Nach ca. 2 Stunden verlassen wir die Pagode und kaufen Obst und trinken an einem Stand Kokosnüsse bevor wir zum Hotel zurück fahren.

Entscheidungshilfe Würfel

Den nächsten Tag lassen wir ganz ruhig angehen und gehen nach dem Frühstück erstmal in den Pool bevor wir dann unseren Würfel sprechen lassen (den haben
wir von meiner Mama vor unserer Abreise geschenkt bekommen. Er soll uns in Situationen, in denen wir uns nicht einig sind oder nicht wissen wofür wir uns entscheiden sollen eine Stütze sein).

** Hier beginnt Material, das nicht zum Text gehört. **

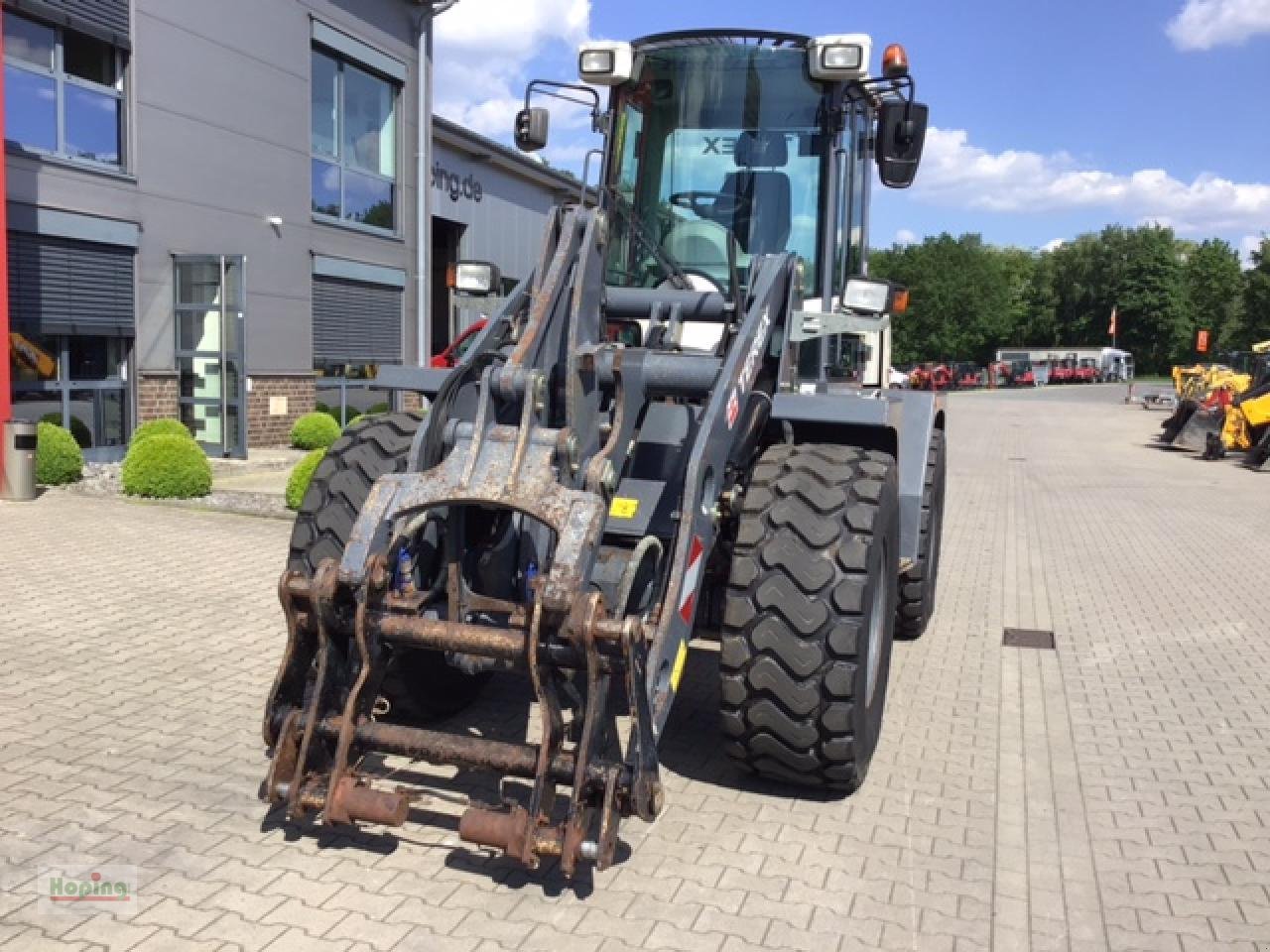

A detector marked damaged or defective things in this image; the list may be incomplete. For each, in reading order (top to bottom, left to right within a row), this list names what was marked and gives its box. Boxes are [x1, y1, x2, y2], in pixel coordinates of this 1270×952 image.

STRAND, BAGO ODER VIELLEICHT DOCH MANDALAY

Zug und Bus nach Mandalay – das war der eigentliche Plan – sind so gut wie ausgebucht – nun wäre die Alternative STRAND oder BAGO:

Wir würfeln und der Würfel entscheidet sich für Bago……wir sind uns dann aber doch alle einig und es wird DER STRAND 🙂

Karim besorgt das Taxi für den nächsten Tag, denn wir wollten nicht mit dem Nachtbus fahren, da der erst um 22 Uhr fährt und um 6 Uhr morgens dann in Nwge Saung
ankommt, dann müssten wir nochmal mit einem anderen Bus oder Taxi weiter nach Chaung Tha – der Ort wo unsere Unterkunft ist und das war uns dann mit unseren
3 Reisehasen doch ein bisschen too much fürs erste, ausserdem war das Taxi nicht wirklich teurer.

Ich lese überall, dass die Fahrt ziemlich anstrengend und die Strassen sehr schlecht sein sollen und ich mache mich schon auf eine „üble“ Fahrt gefasst ABER die kanppen 7 Stunden vergingen rasend schnell, ja ok die Strassen sind ab und an etwas bumpy und die letzte Strecke etwas kurvig, aber kein Vergleich zu Pai (752 Kurven oder so) und ich bin schon wirklich sehr empfindlich, was Autofahren betrifft. Auf der letzten Strecke fuhren wir dann einen Berg hoch, vor uns zwei Busse, der eine hält an und rollt dann auf einmal rückwärts und knallt auf den anderen Bus  unser Fahrer
hat dann zum Glück noch schnell reagiert und den Rückwärtsgang eingelegt.
W 10 Minuten später kommen wir recht ausgeruht in unserem kleinen Paradies an.

Chaung Tha –

Wir entscheiden uns gegen Ngwe Saung und für Chaung Than, da wir so einige Fotos vom Strand in Ngwe Saung gesehen haben, die so gar nicht idyllisch waren (vermüllt
und voll) in Chaung Tha haben wir unser Paradies gefunden.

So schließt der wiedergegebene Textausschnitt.